George Washington Carver was an American botanist and inventor born in Missouri sometime in the 1860s. Carver was born into slavery and experience a lot of discrimination throughout his life not only for being African American but also for being gifted intellectually. Due to his upbringing, he chose to focus his talents mostly in the field of agriculture in order to improve the quality of the crops poor farmers would produce. He did this by promoting the growth of alternative crops like peanuts and sweet potatoes. Carver devised over 100 products using the peanut alone. However, his work involving the peanut and sweet potato were not commercially successful during his lifetime.
Once slavery was abolished in 1865, Carver’s master Moses Carver and his wife Susan, raised him as their own child. The Carvers taught him how to read and write and encouraged his mental pursuits. He had to attend a school ten miles away from his home because public schools were still segregated. On one walk, Carver arrived to find the school closed for the day. He spent the night in a barn and came across a woman in the morning who asked him his name. He replied “Carver’s George.” She told him he would now be called “George Carver.” Carver rented a room from that nice woman, Mariah Watkins. At 13, he decided to attend an academy in Kansas eventually bouncing around from school to school until his graduation from Minneapolis High School.
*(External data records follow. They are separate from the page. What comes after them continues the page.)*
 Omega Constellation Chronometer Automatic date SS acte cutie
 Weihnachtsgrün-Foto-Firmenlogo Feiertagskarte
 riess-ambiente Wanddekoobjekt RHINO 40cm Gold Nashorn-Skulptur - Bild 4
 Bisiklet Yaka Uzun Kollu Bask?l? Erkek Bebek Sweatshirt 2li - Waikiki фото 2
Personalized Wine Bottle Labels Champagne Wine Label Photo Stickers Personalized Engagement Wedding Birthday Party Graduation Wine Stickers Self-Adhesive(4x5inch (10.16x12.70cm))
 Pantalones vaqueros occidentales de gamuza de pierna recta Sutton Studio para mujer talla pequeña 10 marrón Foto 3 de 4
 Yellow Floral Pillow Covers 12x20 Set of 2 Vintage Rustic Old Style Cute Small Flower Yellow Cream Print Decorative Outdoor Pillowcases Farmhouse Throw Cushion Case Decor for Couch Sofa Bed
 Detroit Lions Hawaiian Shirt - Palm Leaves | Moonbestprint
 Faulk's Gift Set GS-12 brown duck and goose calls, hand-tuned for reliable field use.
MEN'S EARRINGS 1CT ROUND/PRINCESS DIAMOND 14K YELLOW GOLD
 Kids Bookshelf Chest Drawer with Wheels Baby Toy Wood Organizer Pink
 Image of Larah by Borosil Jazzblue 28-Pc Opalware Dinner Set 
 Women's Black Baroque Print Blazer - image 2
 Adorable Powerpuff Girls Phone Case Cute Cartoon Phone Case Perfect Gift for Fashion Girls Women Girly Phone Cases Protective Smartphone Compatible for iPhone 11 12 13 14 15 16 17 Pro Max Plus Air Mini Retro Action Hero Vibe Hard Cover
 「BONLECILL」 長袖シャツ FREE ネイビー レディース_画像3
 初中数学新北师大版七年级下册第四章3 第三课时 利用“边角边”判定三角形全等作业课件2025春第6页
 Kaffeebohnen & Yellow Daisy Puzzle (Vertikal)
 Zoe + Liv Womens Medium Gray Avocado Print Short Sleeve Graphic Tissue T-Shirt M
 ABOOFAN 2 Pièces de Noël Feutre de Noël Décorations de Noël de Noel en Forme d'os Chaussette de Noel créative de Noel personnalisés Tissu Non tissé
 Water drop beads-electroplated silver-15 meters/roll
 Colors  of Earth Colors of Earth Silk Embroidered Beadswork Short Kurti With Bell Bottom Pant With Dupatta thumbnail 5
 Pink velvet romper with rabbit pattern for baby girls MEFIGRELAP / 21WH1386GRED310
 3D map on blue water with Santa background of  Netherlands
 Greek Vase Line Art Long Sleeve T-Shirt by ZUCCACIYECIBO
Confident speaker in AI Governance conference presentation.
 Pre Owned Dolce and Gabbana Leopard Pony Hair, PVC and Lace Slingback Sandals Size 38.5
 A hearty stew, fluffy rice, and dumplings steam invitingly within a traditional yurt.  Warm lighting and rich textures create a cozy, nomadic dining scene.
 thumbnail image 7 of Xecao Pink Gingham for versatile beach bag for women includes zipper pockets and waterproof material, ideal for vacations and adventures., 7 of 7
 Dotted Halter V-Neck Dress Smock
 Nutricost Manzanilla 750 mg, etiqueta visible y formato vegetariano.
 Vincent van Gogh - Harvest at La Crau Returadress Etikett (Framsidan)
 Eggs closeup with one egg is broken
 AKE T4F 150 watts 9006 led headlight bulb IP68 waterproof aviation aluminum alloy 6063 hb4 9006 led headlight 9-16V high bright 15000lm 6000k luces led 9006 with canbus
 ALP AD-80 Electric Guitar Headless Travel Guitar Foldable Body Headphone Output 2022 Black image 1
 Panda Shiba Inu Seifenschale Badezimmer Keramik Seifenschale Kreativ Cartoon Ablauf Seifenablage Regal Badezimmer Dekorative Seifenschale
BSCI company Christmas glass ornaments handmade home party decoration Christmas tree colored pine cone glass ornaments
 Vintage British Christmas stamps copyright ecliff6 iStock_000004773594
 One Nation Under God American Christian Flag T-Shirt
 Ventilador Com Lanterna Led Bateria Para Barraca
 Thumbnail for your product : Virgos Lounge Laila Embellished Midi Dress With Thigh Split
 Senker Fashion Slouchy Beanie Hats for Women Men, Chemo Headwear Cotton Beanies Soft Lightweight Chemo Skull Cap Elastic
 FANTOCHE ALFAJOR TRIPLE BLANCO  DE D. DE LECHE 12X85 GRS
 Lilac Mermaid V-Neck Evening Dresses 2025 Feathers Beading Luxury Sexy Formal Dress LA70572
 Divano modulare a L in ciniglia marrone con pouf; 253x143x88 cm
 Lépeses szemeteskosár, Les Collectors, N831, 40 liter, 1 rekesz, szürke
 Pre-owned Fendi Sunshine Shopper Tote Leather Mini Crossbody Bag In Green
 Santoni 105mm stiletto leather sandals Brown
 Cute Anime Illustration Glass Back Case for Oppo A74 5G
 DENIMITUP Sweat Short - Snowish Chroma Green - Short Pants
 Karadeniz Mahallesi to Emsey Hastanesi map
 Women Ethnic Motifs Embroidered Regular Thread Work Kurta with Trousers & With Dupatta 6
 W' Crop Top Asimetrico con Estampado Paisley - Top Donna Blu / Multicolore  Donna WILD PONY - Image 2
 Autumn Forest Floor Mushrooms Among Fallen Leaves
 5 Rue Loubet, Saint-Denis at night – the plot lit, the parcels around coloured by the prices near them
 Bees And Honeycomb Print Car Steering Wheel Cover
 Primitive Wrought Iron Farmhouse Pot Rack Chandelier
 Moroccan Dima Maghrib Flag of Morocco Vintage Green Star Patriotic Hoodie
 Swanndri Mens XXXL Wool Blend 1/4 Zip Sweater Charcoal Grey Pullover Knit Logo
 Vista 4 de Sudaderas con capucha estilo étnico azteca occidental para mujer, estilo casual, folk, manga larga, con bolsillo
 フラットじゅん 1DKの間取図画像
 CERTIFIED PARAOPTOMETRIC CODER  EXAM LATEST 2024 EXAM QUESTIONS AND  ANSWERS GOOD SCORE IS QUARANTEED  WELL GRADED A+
Carver went on to graduate from Iowa State Agricultural College, titling his thesis “Plants as Modified by Man.” He obtained his masters and made history at the college teaching as the first African American faculty member. Following his tenure in Iowa, Booker T. Washington invited Carver to head the Agriculture Department at Tuskegee Institute in Alabama. He taught there for 47 years focusing on crop rotation, alternative crops, and farming techniques.
His research granted him much fame, especially in the last two decades of his life. Carver traveled often giving lectures on Tuskegee University, peanuts, and his views on racism. He contributed to many scholarly journals and published six agricultural bulletins. He was often interviewed, the focus of many biographies, and even met with three United States presidents.
Carver never married and passed away after taking a bad fall at the age of 78. He was very frugal with his money and his life savings, which totaled $60,000 (equivalent to $1,043,121 today) was donated in his last years to create the George Washington Carver Foundation. The foundation was established five years before his death. On his grave were these words: He could have added fortune to fame, but caring for neither, he found happiness and honor in being helpful to the world.